### Entries supplied
⁂

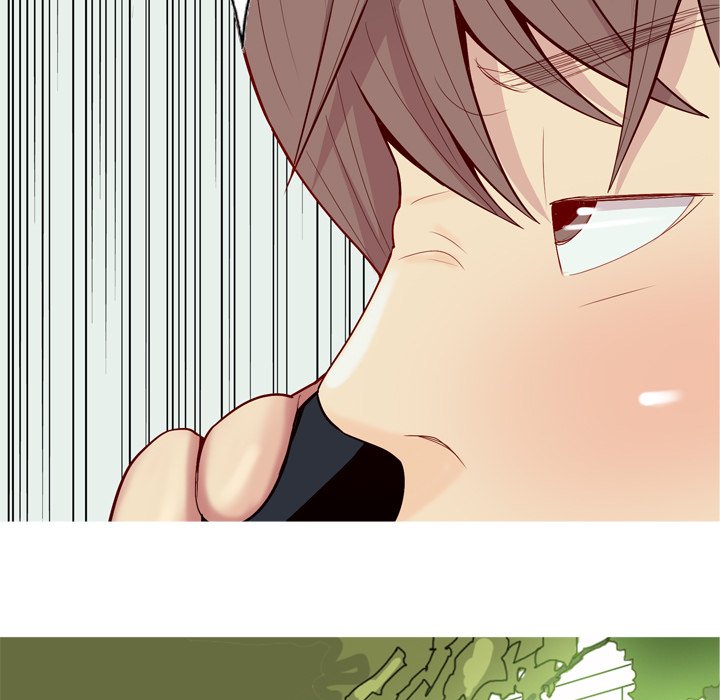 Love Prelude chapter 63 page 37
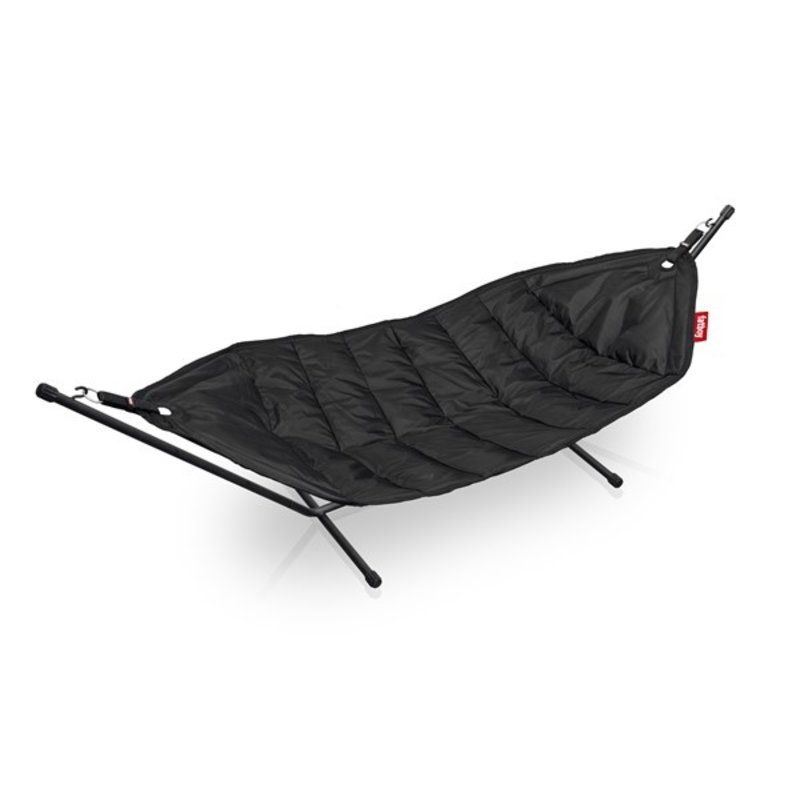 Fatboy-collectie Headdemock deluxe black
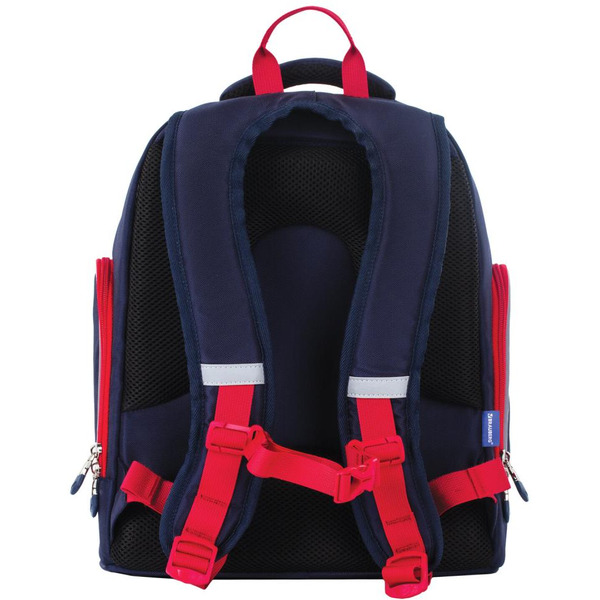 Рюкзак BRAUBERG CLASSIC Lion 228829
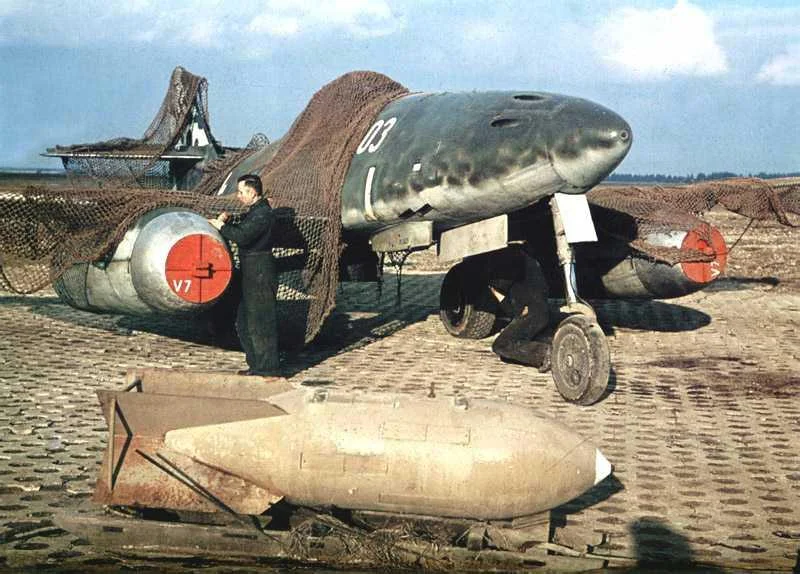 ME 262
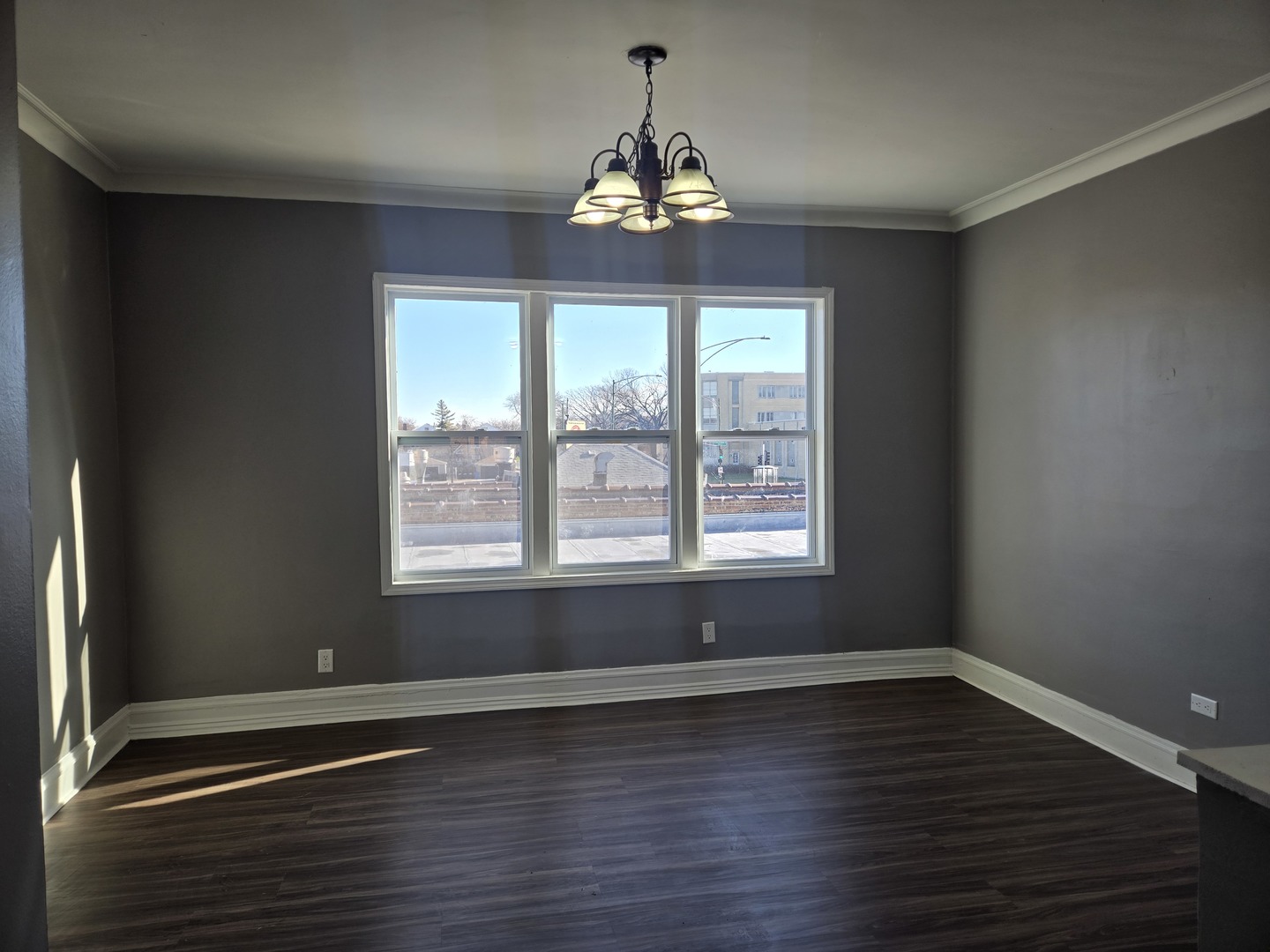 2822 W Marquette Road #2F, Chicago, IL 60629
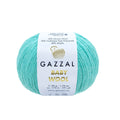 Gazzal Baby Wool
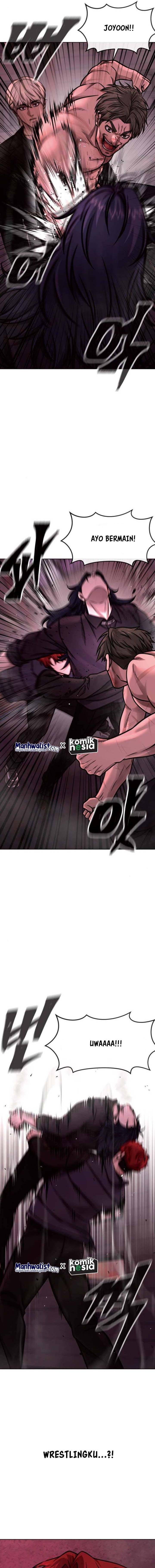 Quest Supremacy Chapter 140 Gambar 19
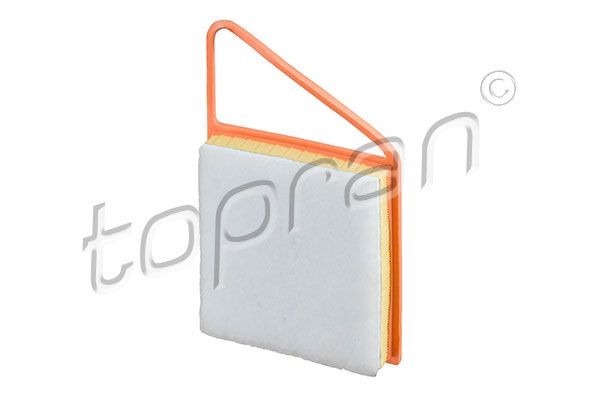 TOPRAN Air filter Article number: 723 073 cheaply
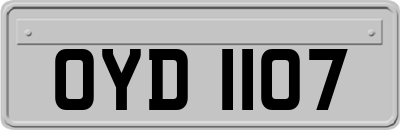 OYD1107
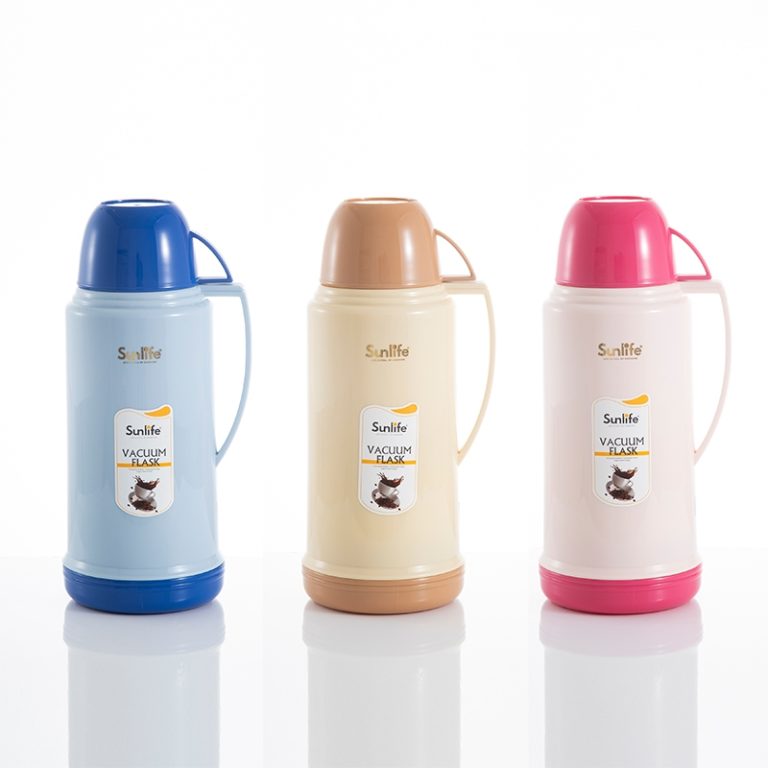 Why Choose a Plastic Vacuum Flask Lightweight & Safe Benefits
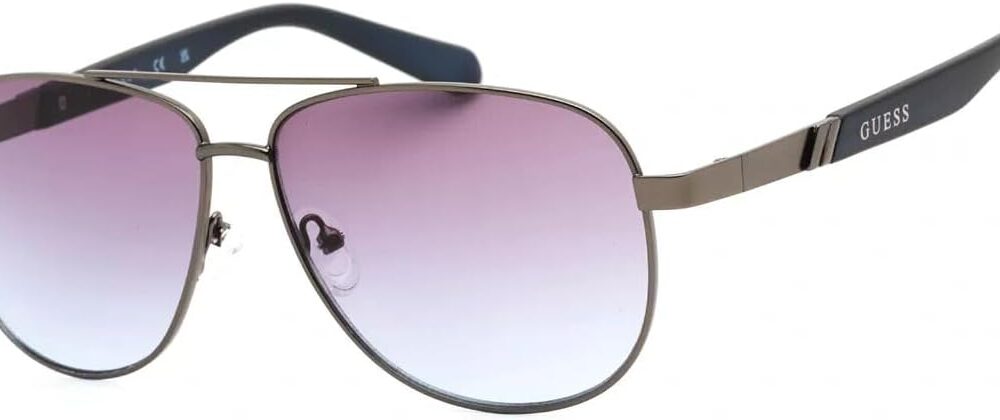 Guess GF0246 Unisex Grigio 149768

⁂

### Assigned task
Pictures are to be omitted. The lines from the line holding "Gazzal Baby Wool" through the closing line of the data above are to be set down exactly, and nothing more.

### Solution
 Gazzal Baby Wool
 Quest Supremacy Chapter 140 Gambar 19
 TOPRAN Air filter Article number: 723 073 cheaply
 OYD1107
 Why Choose a Plastic Vacuum Flask Lightweight & Safe Benefits
 Guess GF0246 Unisex Grigio 149768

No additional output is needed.